▶ [SUPPLIED RECORDS]
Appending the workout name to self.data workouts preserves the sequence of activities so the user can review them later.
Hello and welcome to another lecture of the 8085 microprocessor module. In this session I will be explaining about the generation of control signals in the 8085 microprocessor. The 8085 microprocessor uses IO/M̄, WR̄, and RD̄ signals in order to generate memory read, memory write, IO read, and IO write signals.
---
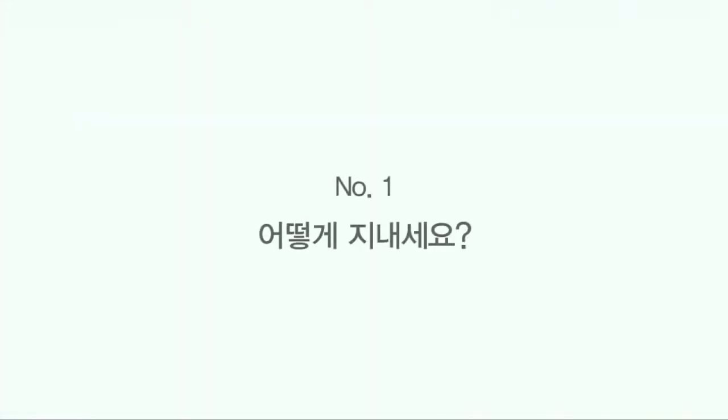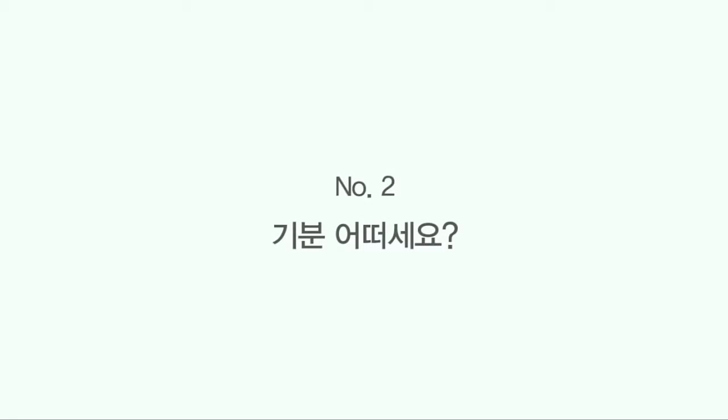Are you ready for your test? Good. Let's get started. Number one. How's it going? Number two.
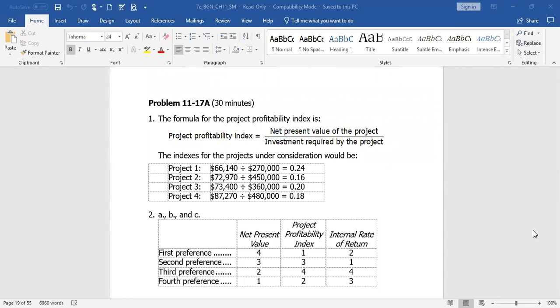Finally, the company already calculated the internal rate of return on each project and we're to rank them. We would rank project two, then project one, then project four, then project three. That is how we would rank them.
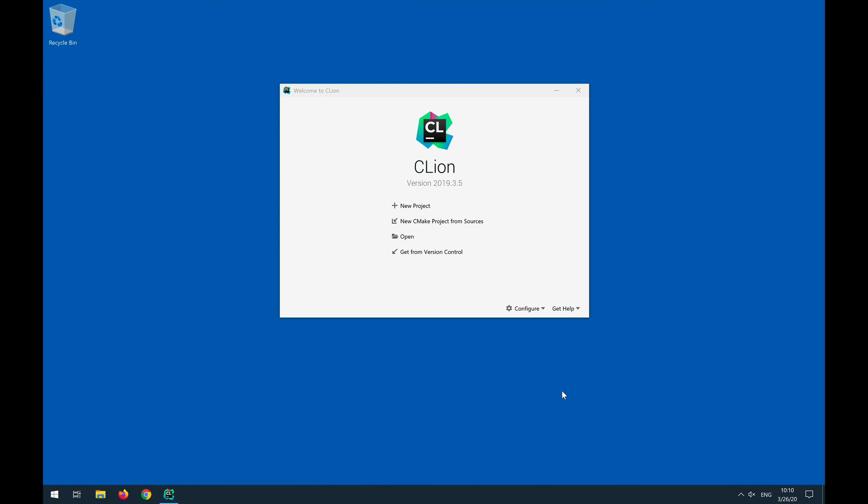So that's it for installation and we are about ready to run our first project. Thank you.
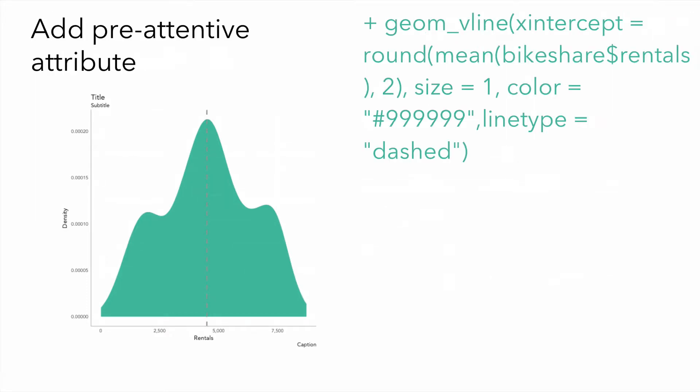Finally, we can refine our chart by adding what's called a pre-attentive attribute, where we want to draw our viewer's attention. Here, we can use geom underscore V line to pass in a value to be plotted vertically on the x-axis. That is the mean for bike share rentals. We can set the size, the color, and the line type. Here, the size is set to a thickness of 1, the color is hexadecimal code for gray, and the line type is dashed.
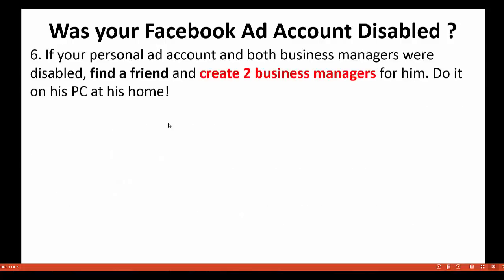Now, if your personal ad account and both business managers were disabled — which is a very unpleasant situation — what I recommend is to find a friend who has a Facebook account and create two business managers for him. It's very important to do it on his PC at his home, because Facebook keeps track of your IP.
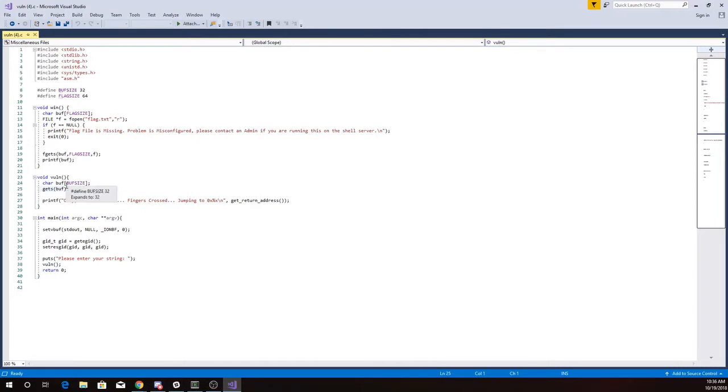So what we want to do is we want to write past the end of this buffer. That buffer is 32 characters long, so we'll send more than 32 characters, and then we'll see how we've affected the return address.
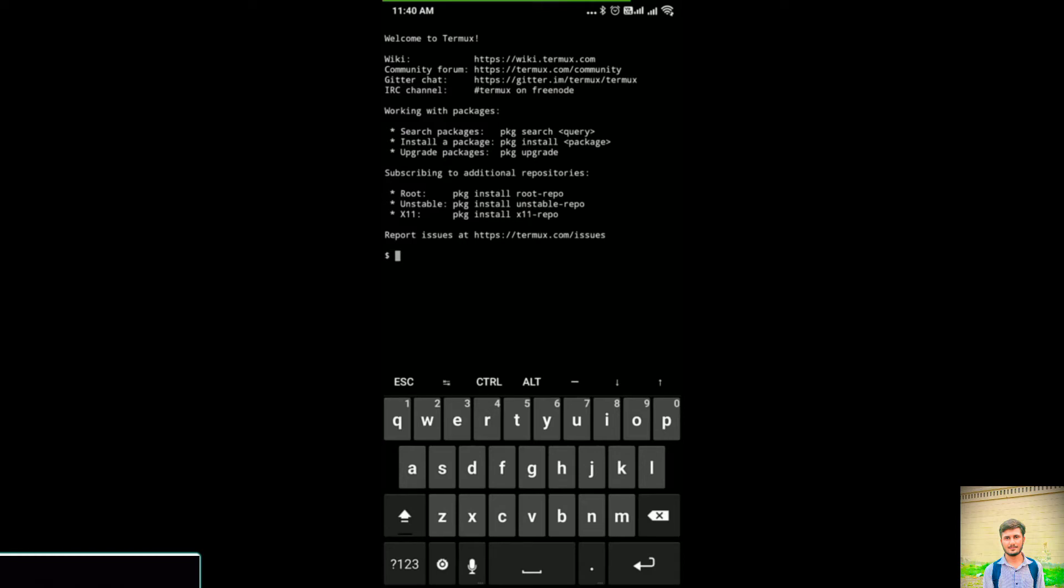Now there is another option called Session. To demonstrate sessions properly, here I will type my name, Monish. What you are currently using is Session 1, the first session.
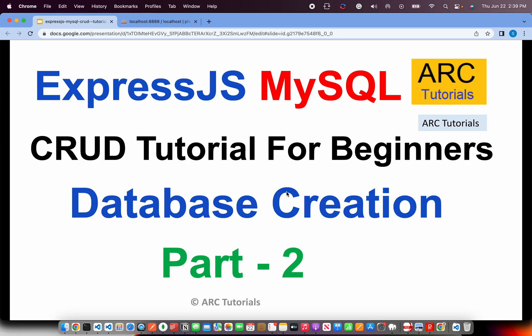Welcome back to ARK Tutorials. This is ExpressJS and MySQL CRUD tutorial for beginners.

▶ [WORK INSTRUCTION] Look through the entries above and quote exactly the lines from the line with "Appending the workout" to the line with "Hello and welcome", counting both of those lines.

▶ [EXPECTED ANSWER]
Appending the workout name to self.data workouts preserves the sequence of activities so the user can review them later.
Hello and welcome to another lecture of the 8085 microprocessor module. In this session I will be explaining about the generation of control signals in the 8085 microprocessor. The 8085 microprocessor uses IO/M̄, WR̄, and RD̄ signals in order to generate memory read, memory write, IO read, and IO write signals.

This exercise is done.